Another piece from People and Nature.

Two clouds darken the sky. A close-up one: gas and electricity bills have shot up since the Russian invasion of Ukraine, and millions of families are struggling to pay. And a bigger, darker, higher one: the climate disaster, and politicians’ refusal to tackle it.

Ultimately, both these threats have a single cause: fossil fuels and the systems of wealth and power that depend on them. We need social movements to link the fight to protect families from unaffordable bills with the fight to move beyond fossil fuels, and in that way turn back global warming.

Here I suggest ways to develop such a movement in the UK, starting by demanding action on home heating.

Two linked crises

Since the government lifted the price cap on energy bills on 1 April, the average energy bill for 18 million households on standard tariffs rose to £1971 per year, from £1277. Another 4.5 million households on pre-payment schemes are paying an average of £2017 per year.

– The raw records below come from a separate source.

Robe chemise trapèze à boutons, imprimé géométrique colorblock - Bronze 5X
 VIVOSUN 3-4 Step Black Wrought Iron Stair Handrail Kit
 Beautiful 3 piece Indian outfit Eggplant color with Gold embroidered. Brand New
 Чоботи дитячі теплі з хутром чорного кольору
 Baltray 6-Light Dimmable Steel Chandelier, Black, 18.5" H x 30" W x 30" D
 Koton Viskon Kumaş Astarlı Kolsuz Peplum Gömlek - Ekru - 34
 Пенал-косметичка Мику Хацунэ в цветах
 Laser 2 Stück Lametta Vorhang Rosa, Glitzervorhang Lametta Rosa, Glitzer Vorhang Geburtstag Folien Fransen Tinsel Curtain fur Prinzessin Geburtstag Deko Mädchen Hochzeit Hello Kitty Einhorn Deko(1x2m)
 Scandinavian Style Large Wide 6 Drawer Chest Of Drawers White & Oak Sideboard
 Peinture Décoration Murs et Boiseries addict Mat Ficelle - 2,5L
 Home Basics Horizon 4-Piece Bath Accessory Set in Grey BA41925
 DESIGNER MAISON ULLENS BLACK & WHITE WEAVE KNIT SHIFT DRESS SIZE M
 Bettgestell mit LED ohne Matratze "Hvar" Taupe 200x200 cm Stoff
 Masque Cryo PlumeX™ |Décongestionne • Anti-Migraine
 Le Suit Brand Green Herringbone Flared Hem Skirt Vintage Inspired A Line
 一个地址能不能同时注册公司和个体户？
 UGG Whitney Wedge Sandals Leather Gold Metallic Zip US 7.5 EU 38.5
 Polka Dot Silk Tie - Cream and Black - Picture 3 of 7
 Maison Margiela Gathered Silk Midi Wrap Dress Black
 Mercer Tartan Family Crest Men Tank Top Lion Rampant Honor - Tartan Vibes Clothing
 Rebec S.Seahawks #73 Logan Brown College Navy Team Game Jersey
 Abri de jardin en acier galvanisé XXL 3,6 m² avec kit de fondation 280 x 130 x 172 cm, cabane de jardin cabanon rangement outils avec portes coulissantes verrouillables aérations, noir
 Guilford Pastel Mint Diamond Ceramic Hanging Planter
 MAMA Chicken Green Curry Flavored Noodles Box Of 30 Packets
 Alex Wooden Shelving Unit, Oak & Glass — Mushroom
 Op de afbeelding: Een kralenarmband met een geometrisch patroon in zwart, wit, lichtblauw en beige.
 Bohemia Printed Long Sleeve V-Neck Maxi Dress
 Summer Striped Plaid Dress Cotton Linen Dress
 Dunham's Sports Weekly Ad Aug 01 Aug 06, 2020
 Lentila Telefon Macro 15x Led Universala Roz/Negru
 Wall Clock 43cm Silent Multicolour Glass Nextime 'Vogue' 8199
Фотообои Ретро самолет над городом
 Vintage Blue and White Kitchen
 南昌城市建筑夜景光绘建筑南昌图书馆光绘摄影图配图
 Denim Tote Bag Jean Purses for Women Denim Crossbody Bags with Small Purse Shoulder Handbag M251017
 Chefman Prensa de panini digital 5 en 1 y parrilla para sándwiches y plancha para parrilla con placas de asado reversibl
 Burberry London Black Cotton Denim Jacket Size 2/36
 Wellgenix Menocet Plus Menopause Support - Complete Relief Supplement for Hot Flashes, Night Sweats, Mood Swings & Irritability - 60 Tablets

And in October, bills could well rise above £3000.

There are now 6.3 million UK households (including 2.5 million with children) in fuel poverty, meaning that they are unable to heat their home to an adequate temperature. The End Fuel Poverty Coalition says that could rise to 8.5 million by the end of this year.

The main fuels for UK homes are gas, and electricity produced from gas and nuclear power. Retail prices have been driven up by a rise in gas, oil and coal prices on world markets – which started rising last year, as economies recovered from the pandemic, but shot upwards faster from March, after Russia’s invasion of Ukraine.

The war, and sanctions on Russia by western powers, could keep fossil fuel prices high for years. They have also driven global food prices upwards. This is the biggest bout of inflation worldwide since the 1970s.

And behind all this, also driven primarily by the excessive burning of fossil fuels, is the climate crisis.

The heat waves in India in recent weeks, that produced temperatures of 44-46 degrees C – close to the maximum human bodies can stand – have been a reminder that this crisis is now, not in the future.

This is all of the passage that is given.